--- SOURCE MATERIAL Enclosed Below ---

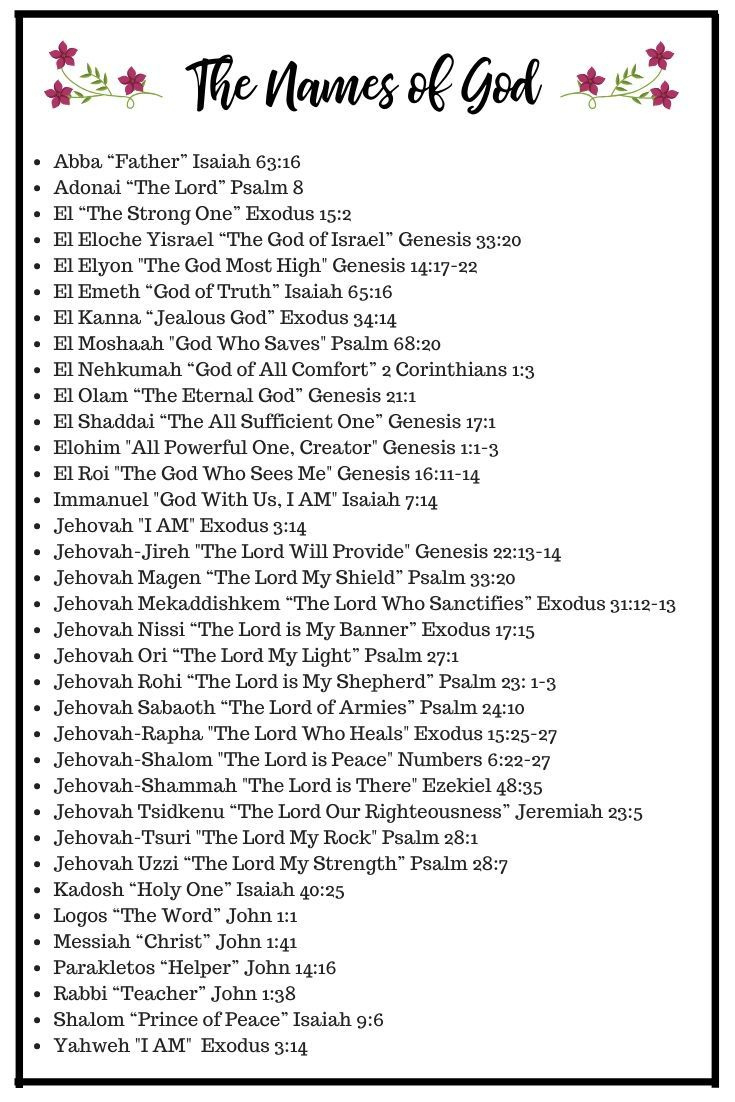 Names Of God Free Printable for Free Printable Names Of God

--- End of Enclosed SOURCE MATERIAL ---
--- SOURCE MATERIAL Enclosed Below ---

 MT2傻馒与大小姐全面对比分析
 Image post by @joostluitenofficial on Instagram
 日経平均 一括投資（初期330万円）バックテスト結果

--- End of Enclosed SOURCE MATERIAL ---

== WORK TO COMPLETE ==
What you give back should be exactly the lines of the data above from the line with "Image post by" through the line with "日経平均 一括投資（初期330万円）バックテスト結果", both of those included, and nothing more.

== PROBLEM SOLUTION ==
 Image post by @joostluitenofficial on Instagram
 日経平均 一括投資（初期330万円）バックテスト結果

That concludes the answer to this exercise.